=== Problem statement ===
Set the pictures aside and transcribe exactly the lines from the one containing "Heren Polo Lente" through the final line of the records.

=== Extracted data ===
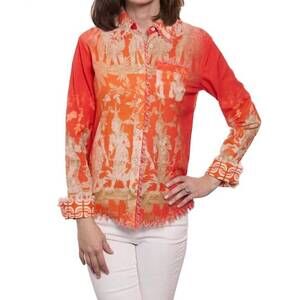 NEW TIZZIE cape cod top in orange gold thai dancers print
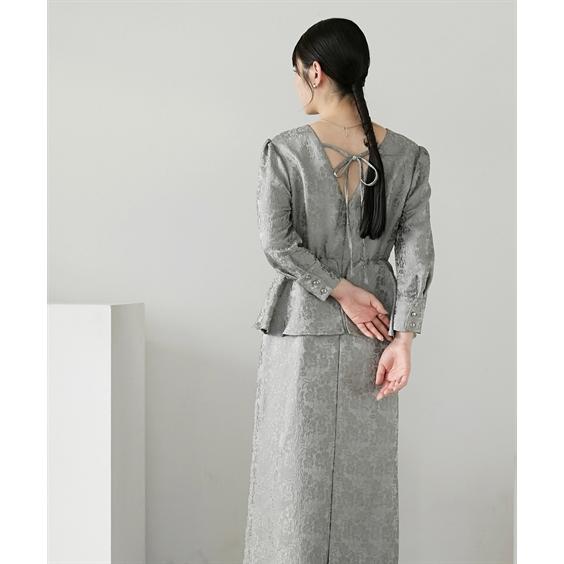 ニッセン オケージョン ドレス フォーマル レディース 入学式 卒業式 結婚式 パーティー Vネック ジャガード ペプラム ワンピース スカート nissen - 画像 (9)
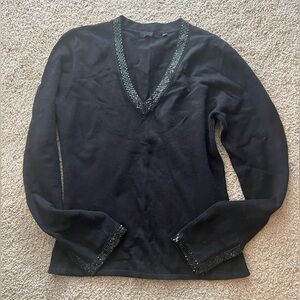 Black V-Neck Sweater with Beaded Trim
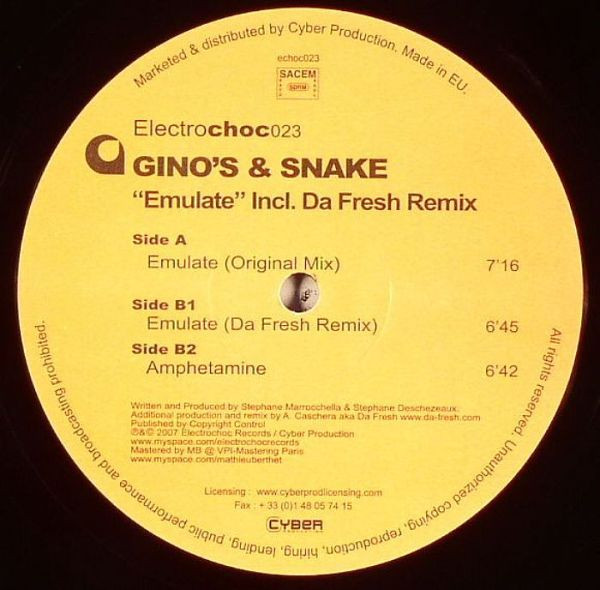 Gino's & Snake Plissken - Emulate | Electrochoc Records (echoc023)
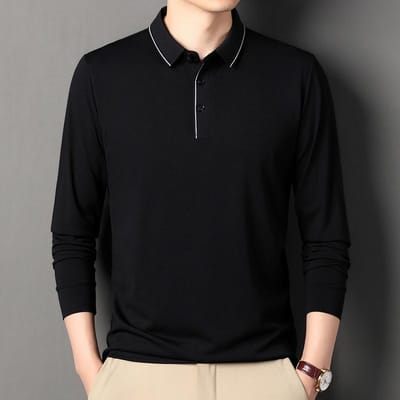 Heren Polo Lente en Herfst T-shirt met Lange Mouwen Heren Revers Eenvoudig Zakelijk Jeugd Losse Grote Maat Papa Kleding XXXXL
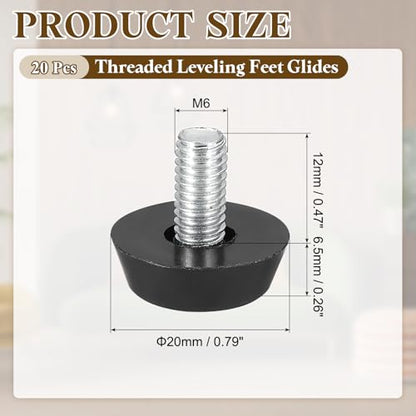 PATIKIL 20 Pcs M6 x 12mm Thread Adjustable Furniture Levelers, Furniture Feet Levelers Screw on Steel Screw in Threaded Leveling Feet Glides for Table Chair Cabinet Patio Legs - size: M6 x 12mm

=== Answer to this task ===
 Heren Polo Lente en Herfst T-shirt met Lange Mouwen Heren Revers Eenvoudig Zakelijk Jeugd Losse Grote Maat Papa Kleding XXXXL
 PATIKIL 20 Pcs M6 x 12mm Thread Adjustable Furniture Levelers, Furniture Feet Levelers Screw on Steel Screw in Threaded Leveling Feet Glides for Table Chair Cabinet Patio Legs - size: M6 x 12mm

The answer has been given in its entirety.